CAMP | CARE | BioVU | |
---|---|---|---|
N | 581 | 205 | 786 |
Race, N white (%)* | 581 (100%) | 205 (100%) | 447 (56.7°%)** |
Age, mean (std)* | 8.87 (+/− 2.14) | 10.59 (+/− 3.03) | 22.34 (+/− 10.76) |
Gender, N males (%)* | 347 (59.72%) | 127 (61.95%) | 256 (32.57%) |
Height (cm), mean (std)* | 133.17 (+/− 13.86) | 143.09 (+/− 17.37) | 156.71 (+/− 21.07) |
BMI (kg/m2), mean (std)* | 17.91 (+/− 3.15) | 19.99 (+/− 4.87) | 26.97 (+/− 9.68) |
Asthma Onset (age), mean (std)* | 3.12 (+/− 2.46) | 3.93 (+/− 3.26) | 17.04 (+/− 10.29) |
Smoking, N smokers (%)* | 12 (2.36%) | 0 (0.00%) | 197 (25.06%) |
ICS, N ICS (%)* | 172 (29.60%) | 198 (96.59%) | 766 (97.46%) |
Bursts, mean count (std)* | 4.12 (+/− 4.84) | 0.60 (+/− 1.17) | 0.93 (+/− 3.47) |
All variables significantly different by one-sided ANOVA test, p < 0.001
Racial ancestry makeup in BioVU also contains 27% African Americans (n = 212) and 16% other/unknowns (n = 127).

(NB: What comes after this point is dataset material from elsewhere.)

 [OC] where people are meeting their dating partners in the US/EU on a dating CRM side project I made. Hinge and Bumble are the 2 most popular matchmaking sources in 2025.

GWAS results on 581 CAMP subjects as are shown in Supplemental Figure S4. The genomic inflation factor (GIF) of the total p-value distribution of the GWAS was 1.0048 (Supplemental Figure S3), indicating minimal stratification and the general suitability of the null hypothesis of no association for most assayed SNPs. Label-shuffling permutation tests (Supplemental Figure S5) on SNPs with raw p-value < 10-5 showed little variation in p-values for the indicated SNPs in the genes catenin (cadherin-associated protein), alpha 3 (CTNNA3), sema domain, immunoglobulin domain (Ig), short basic domain, secreted, (semaphorin) 3D (SEMA3D), titin (TTN), and purinergic receptor P2X, ligand-gated ion channel, 7 (P2RX7), providing further evidence the original (linear-regression) GWAS was a suitable test of the association of SNPs with exacerbation phenotype, despite the phenotype having a non-normal distribution. No SNPs reached statistical threshold for genome-wide significance in the permuted CAMP GWAS (p < 5 * 10-8).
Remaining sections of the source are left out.